Comments were made in another place about the conditions in Brixton. I share in those comments. I wrote an article about the matter in the New Statesman last September, shortly after I came out of Brixton. I pointed out that the conditions were deplorable. I wrote: The pressure on space and the antiquated buildings condemn the defendants to live in squalid and dehumanising conditions. In C Wing in Brixton, built for just over 100 prisoners nearly a century ago, there are about 340 defendants living three to a cell. In a space of just over 100 square feet three men have to spend 23 hours a day, apart from the occasional solicitor's or social visit and the brief intervals for 'slopping out' or collecting food. There are no communal rooms for association and recreation. The toilet facilities in that particular wing consist of only four water closets for 340 men and plastic chamber pots in each cell. There are four showers and a shower is allowed to each man only weekly. To lock men up for 23 hours a day, three men to a cell, is a deplorable way to behave, whoever they may be. Let us remember that all these men are defendants awaiting trial, and that a large number of them will be acquitted at the end of the day. Indeed, 40 per cent. of them will either be acquitted or given non-custodial sentences. The crime of society in putting them into those conditions is even more serious. It is absolutely deplorable that tonight, as we debate the Bill in the Chamber, there are 1,000 men in Brixton Prison, most of them defendants awaiting trial, living in deplorable and antiquated conditions.

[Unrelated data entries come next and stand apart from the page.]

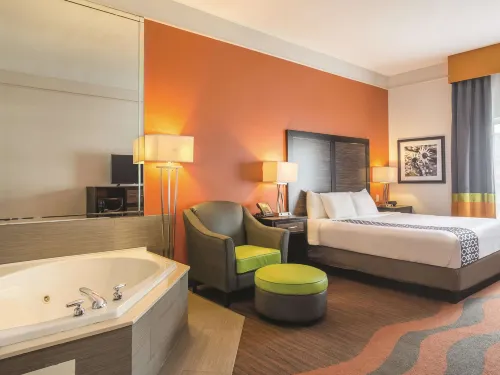 La Quinta Inn & Suites by Wyndham Prattville Hotels in Prattville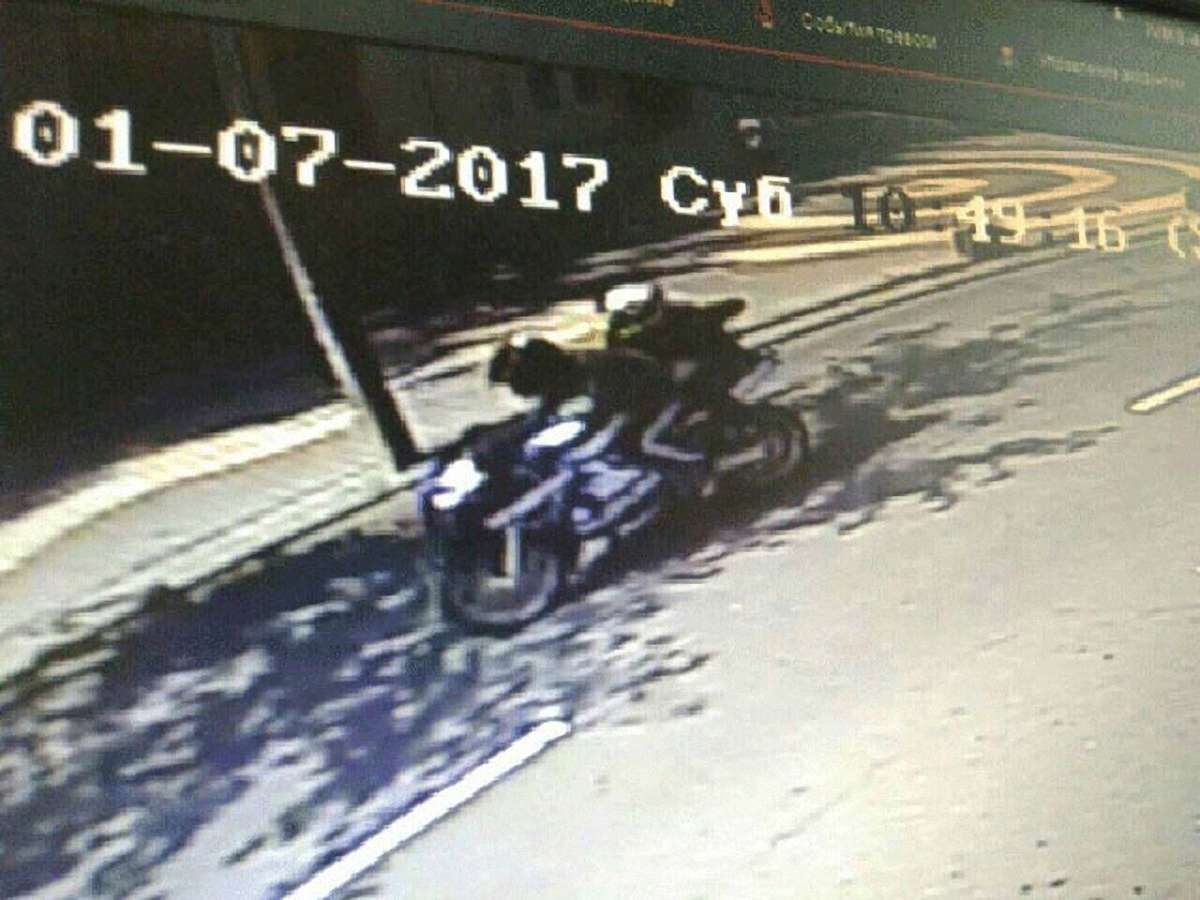 Поліція розшукує мотоциклістів, які кинули вибухівку в магазин у Вінниці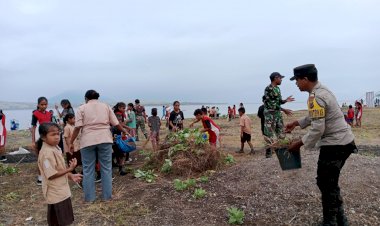 Bhabinkamtibmas-Firmon-Tamonob-sampaikan-pesan-Karhutlah-kepada-warga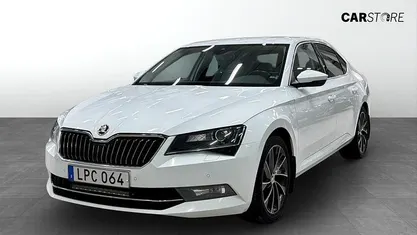 Vit Begagnad 2016 Skoda Superb LAURIN & KLEMENT Sedan | 159 900 kr (Bra pris)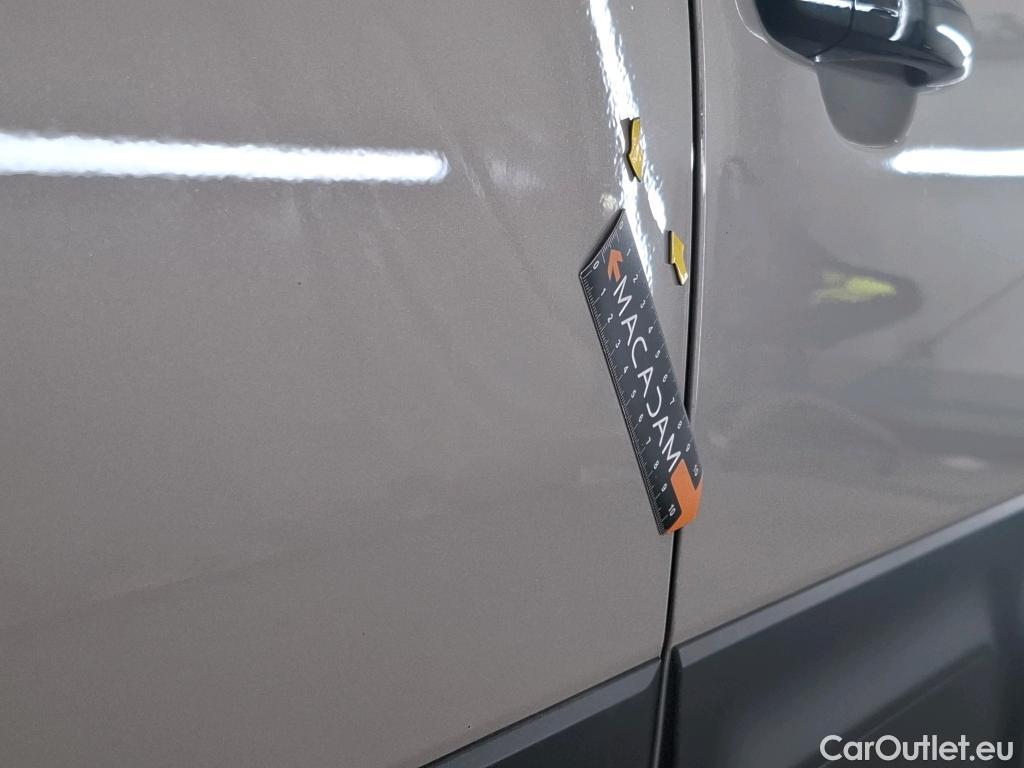  Citroen  C3  Shine 1.2 PureTech 110CV BVA6 6E / TRANSFO VP/VF #2
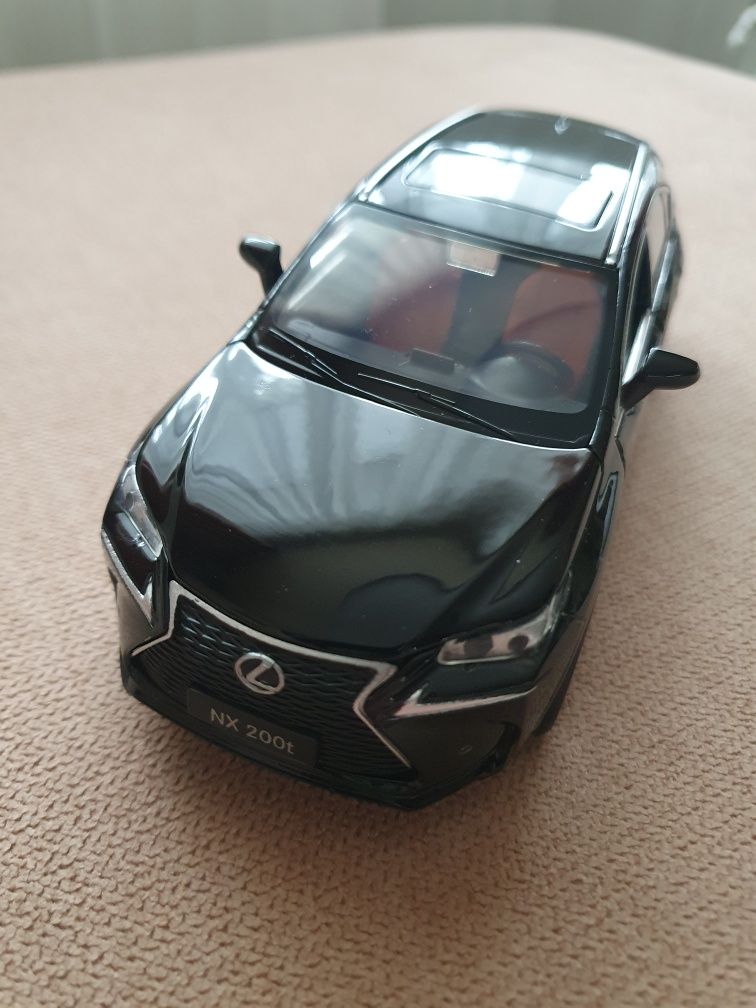 Lexus NX 1:32 метал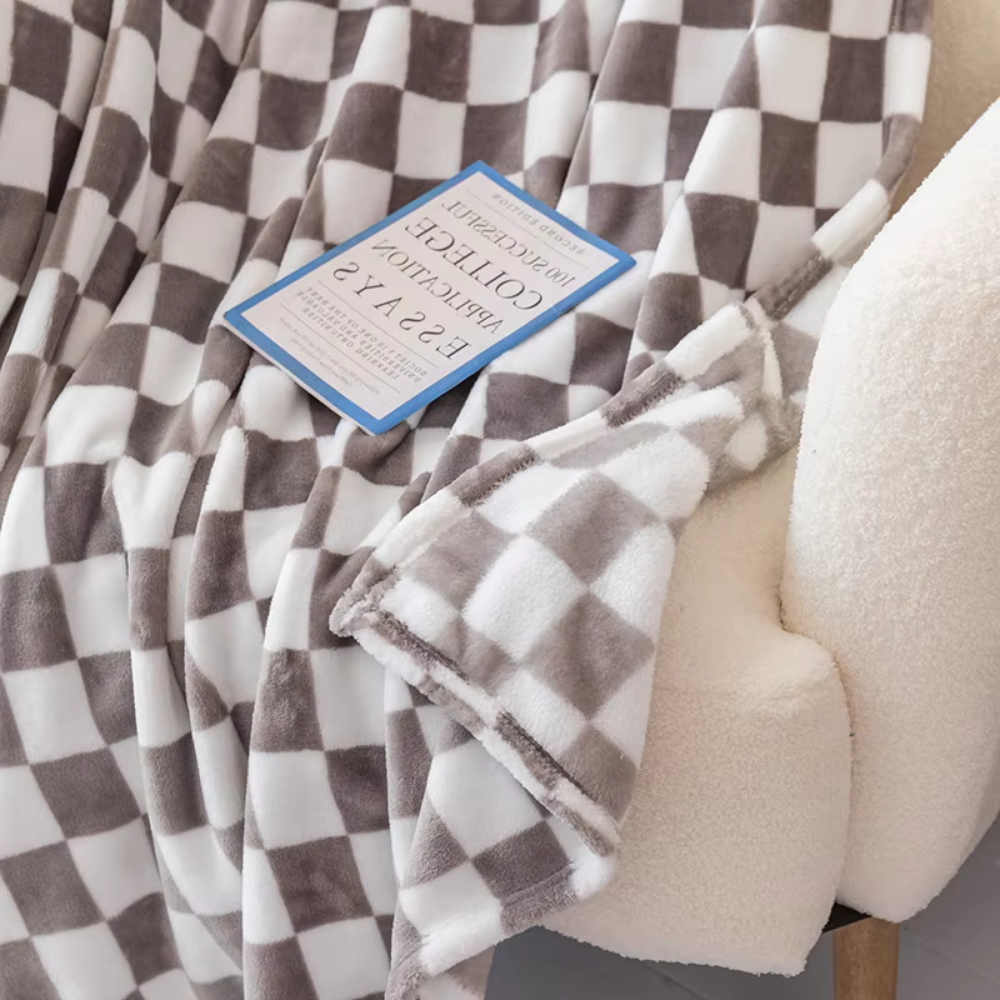 Coperta a quadri morbida e moderna per casa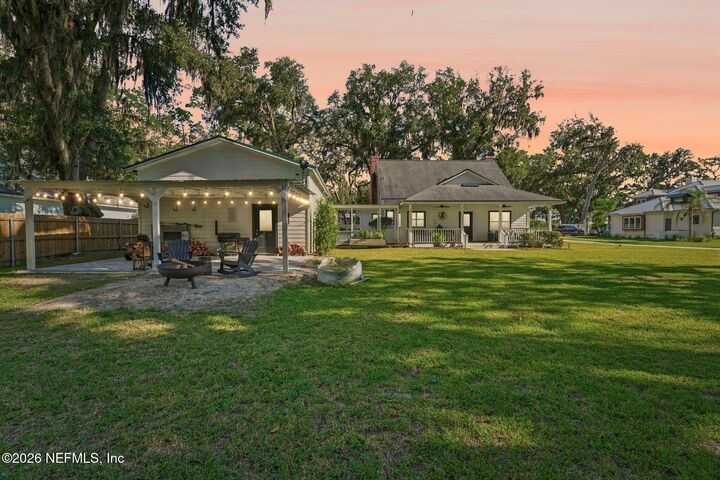 Property Photo:  1544 Community Point  FL 32003 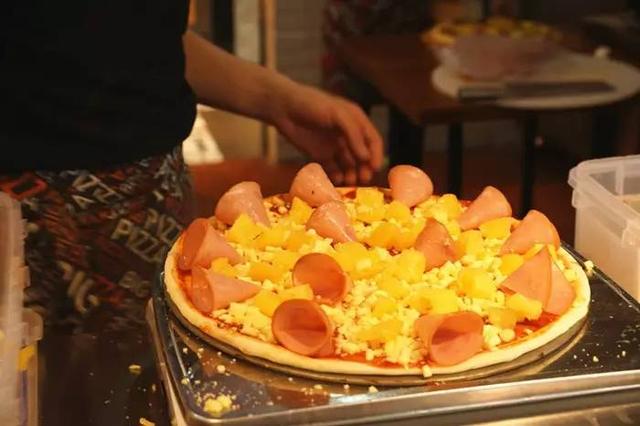 比格比萨 自助餐（神木这家比萨店刚开业就爆满）(17)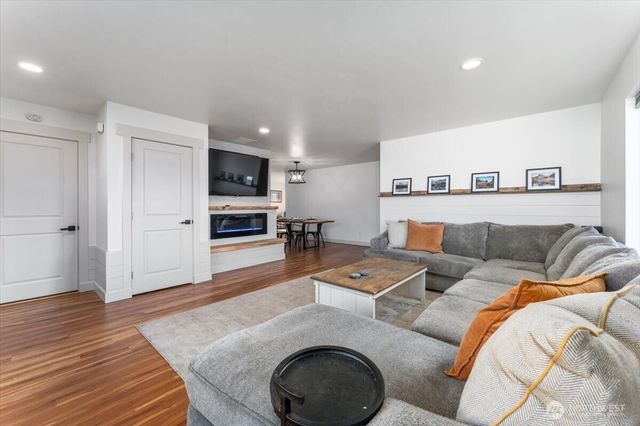 3949 NE Vista Del Rey Drive, East Wenatchee, WA 98802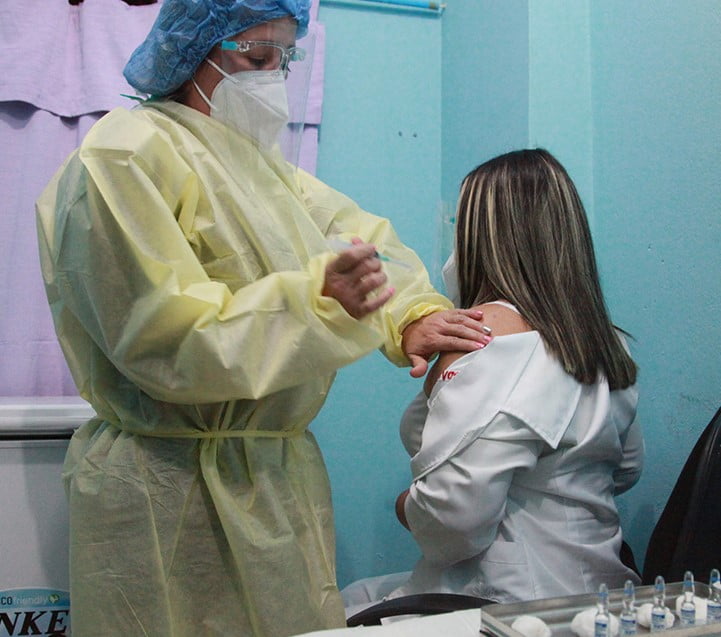 enfermera vacuna Sputnik V Maturin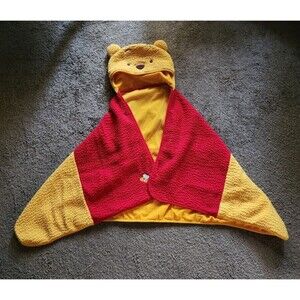 Tokyo Disney Resort Winnie the pooh fluffy blanket cape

I welcome the Bill although, in a sense, it is unnecessary. I agree with the hon. Member for Chislehurst (Mr. Sims) that it is unnecessary, but at least it recognises that there is something wrong. The Bill is a sign of earnestness on the part of the Government in thinking that something must be done to avoid treating men in this deplorable way.

The Bill needs improvement. It is necessary that Schedule 1 be looked at again. I am glad that the Minister of State has indicated that that will be proposed in Committee. If we are to have it I should prefer it to be reworded to provide for a high probability.

It must be clear that, when considering bail and whether a defendant will abscond, the onus of proof must be on the prosecuting authority. It is not for a defendant necessarily to prove the matter, although he will want to bring forward the best possible information, either directly or through his solicitor. The onus must be on the prosecution to show that the defendant is a person who is likely to fall within the categories set out in paragraphs (a), (b) and (c) of the schedule.

It is important that the prosecution should be expected, if it is opposing bail, to show clear evidence that the court may expect the defendant to behave in the way that is suggested.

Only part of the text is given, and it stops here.